### WORK TO BE COMPLETED
Output exactly the lines from the line that has "Satılır 4 otaqlı mənzil 115 m²" through the last line of the data below, with no pictures.

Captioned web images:

-- Opening Marker --

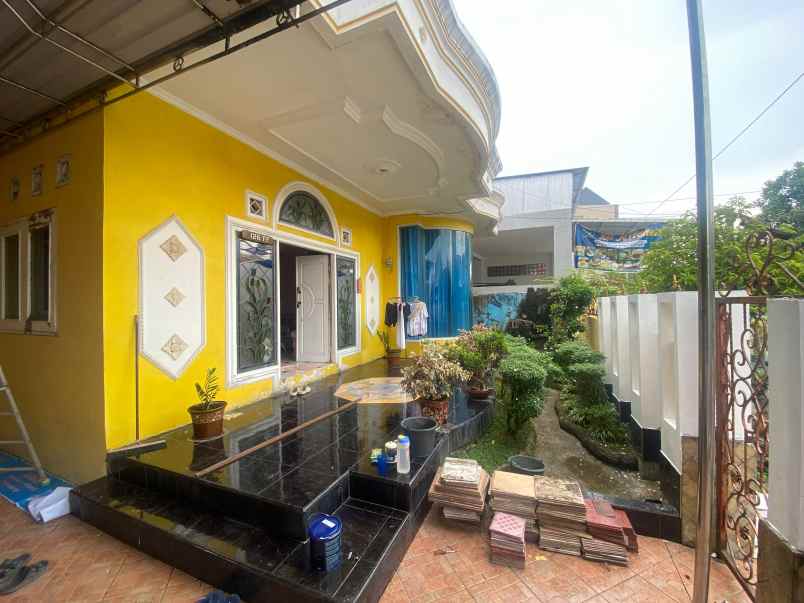 dijual rumah jl pemuda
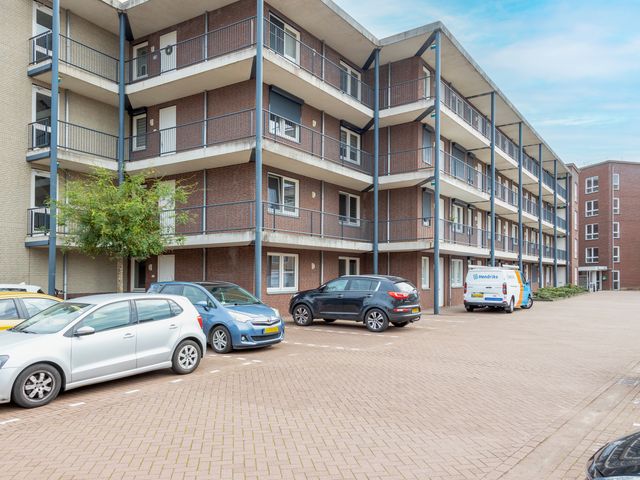Goudmijnhof 138, Oss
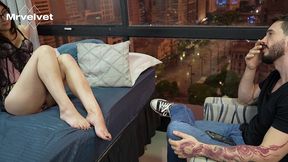 entrevista com a porno star acabou dando em sexo bareback com direito a footjob e leite na boca
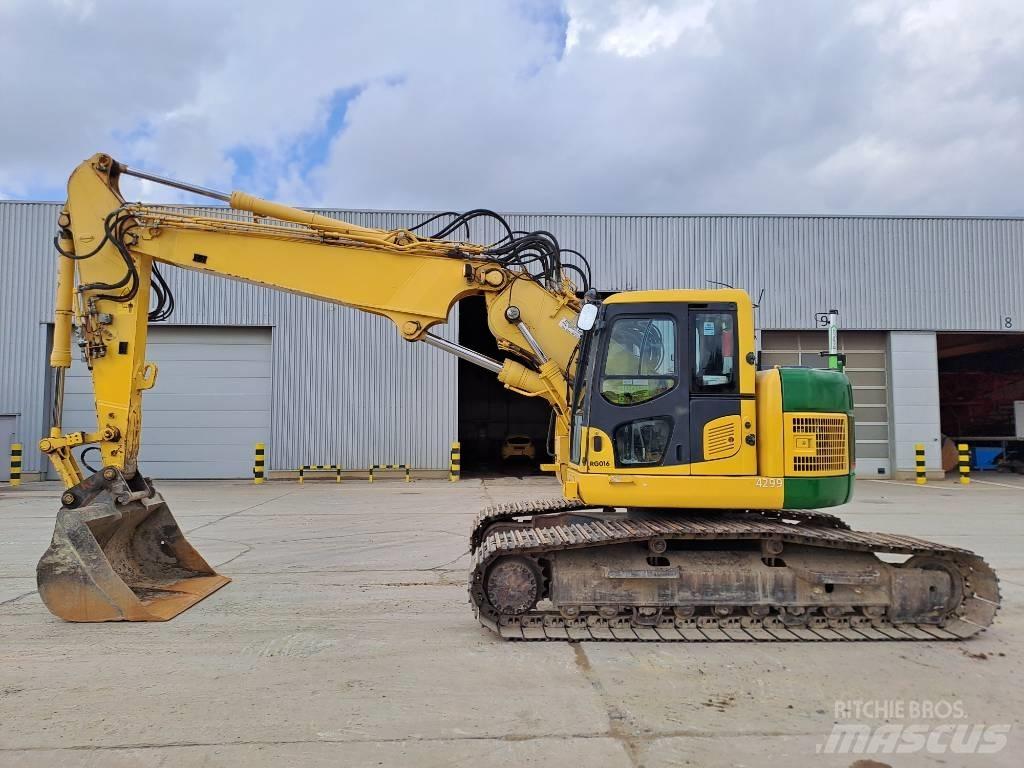 Komatsu PC228USLC-8 Excavatoare pe șenile

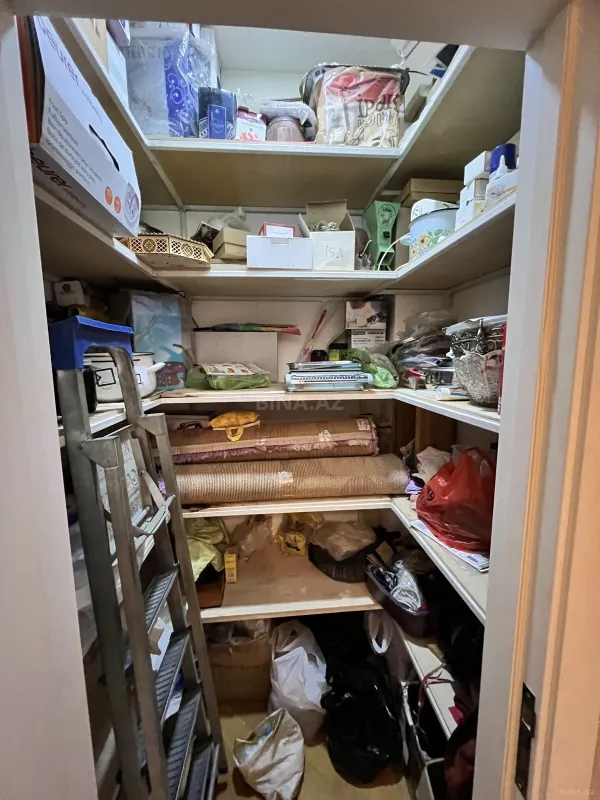 Satılır 4 otaqlı mənzil 115 m²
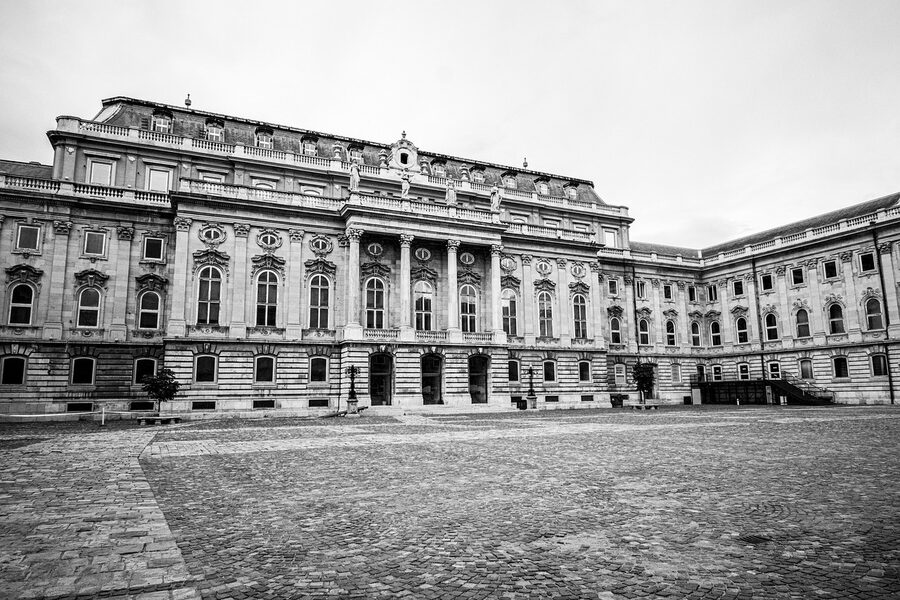 Black and white view of Buda Castle courtyard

-- Closing Marker --

### SOLUTION FOR THIS PROBLEM
 Satılır 4 otaqlı mənzil 115 m²
 Black and white view of Buda Castle courtyard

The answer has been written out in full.